The deal can reshape AstraZeneca’s innovative drug development portfolio and increasing presence in immunology. AstraZeneca is known for its prescription medicines and has recently launched research and development of immunological disease medicines. Alexion’s ace product, Soliris, is a first-in-class anti-complement component 5 (C5) monoclonal antibody. While Soliris has accumulated the company’s 80% revenue in the past year, Alexion has started shifting its patients to taking Ultomiris in 2019, a second-generation C5 monoclonal antibody. With the help of AstraZeneca’s team, Ultomiris’ current process on multiple phase III programs on different indications, in addition to the other pipeline, could accelerate. It is expected that after the acquisition, the combined company will have 12 blockbusters drugs, each with more than $1 billion in revenue by 2023. 

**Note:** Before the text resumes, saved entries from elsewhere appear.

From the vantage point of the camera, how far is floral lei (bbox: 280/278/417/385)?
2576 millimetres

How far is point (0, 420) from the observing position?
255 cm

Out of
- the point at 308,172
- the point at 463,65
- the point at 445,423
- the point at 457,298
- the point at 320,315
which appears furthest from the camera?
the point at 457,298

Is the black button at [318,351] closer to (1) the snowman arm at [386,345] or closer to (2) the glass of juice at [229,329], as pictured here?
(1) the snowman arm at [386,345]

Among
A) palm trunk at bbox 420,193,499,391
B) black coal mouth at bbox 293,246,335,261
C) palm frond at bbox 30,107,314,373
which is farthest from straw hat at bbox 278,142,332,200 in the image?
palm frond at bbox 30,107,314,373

AstraZeneca’s international presence and especially in emerging markets, could help Alexion’s product reach high-population, high-demand countries in Asia. Currently, Alexion’s market restraints to the US, Germany, and Japan. However, with the rise of middle classes in China and India, there is substantial unmet demand, which provides great potential to the merged company in the future.

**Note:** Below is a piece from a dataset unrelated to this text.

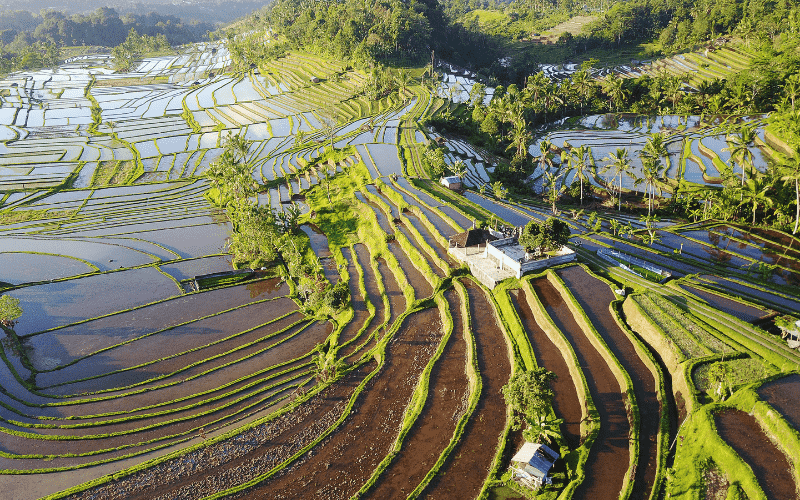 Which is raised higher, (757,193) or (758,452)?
(757,193)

In terms of financials, the deal is expected to create a $500 million synergy annually by expanding Alexion’s product reach through AstraZeneca’s global presence and accelerating clinical developments. The company expects the deal to be earnings-accretive immediately, in addition to a double-digit increase in AstraZeneca’s earnings per share (EPS) in the first three years.

Uncertainties and risks

The deal was unanimously approved by the board of directors for Alexion and AstraZeneca and is now subject to receipt of regulatory clearances and approval from shareholders on both sides. 

It is no doubt that the addition of Alexion’s current portfolio could immensely benefit AstraZeneca. However, the programs revolving around future pipelines have uncertainties involving setbacks and approval from the FDA. Increasing geographical tension between the US and China may also undermine the expected expansion plan from AstraZeneca. It is also worth noticing that the patent for Soliris will expire next March, with competitors such as Argenx and Apellis joining the market. Alexion will not be the monopoly of the market sooner or later. 

Wider implications

The pharmaceutical industry is starting to recognize the profitability and potential of the rare disease industry. With the successful example of Alexion, it is predicted that the industry leaders will target the smaller peers that are focusing on other rare diseases. By leveraging established drug manufacturers’ technology and geographical presence, the rare disease drug manufacturers can increase their production capacity and delete geographical concerns in delivery. It is hoped that rare disease patients worldwide will be provided treatment options to choose from and go on to live a fruitful life.

My opinions

I was surprised by the fall in AstraZeneca’s share price after the announcement of the transaction. Although investors’ concerns are mainly on AstraZeneca’s liquidity position post-deal instead of the synergy and premium paid, I believe that the 45% premium is worth every penny. According to a weighted average of discounted cash flow model with a 7.0% WACC and public comparable model, Alexion is priced at $193.8. (published in CityU Student Research and Investment Club Website) It is believed that the $175 per share acquisition price is still undervalued. Another reason to support this transaction is that Alexion’s internal manufacturing facilities are located in Ireland, despite being an American biotechnology company. This could reduce the complexity of regulatory issues during post-closing integration for the British drug manufacturer. As Alexion commercialises more and more of its pipeline in the future, the valuation will no doubt be higher than its current level. This is a once-in-a-lifetime opportunity for AstraZeneca to transition its focus to specialty and the rare disease industry.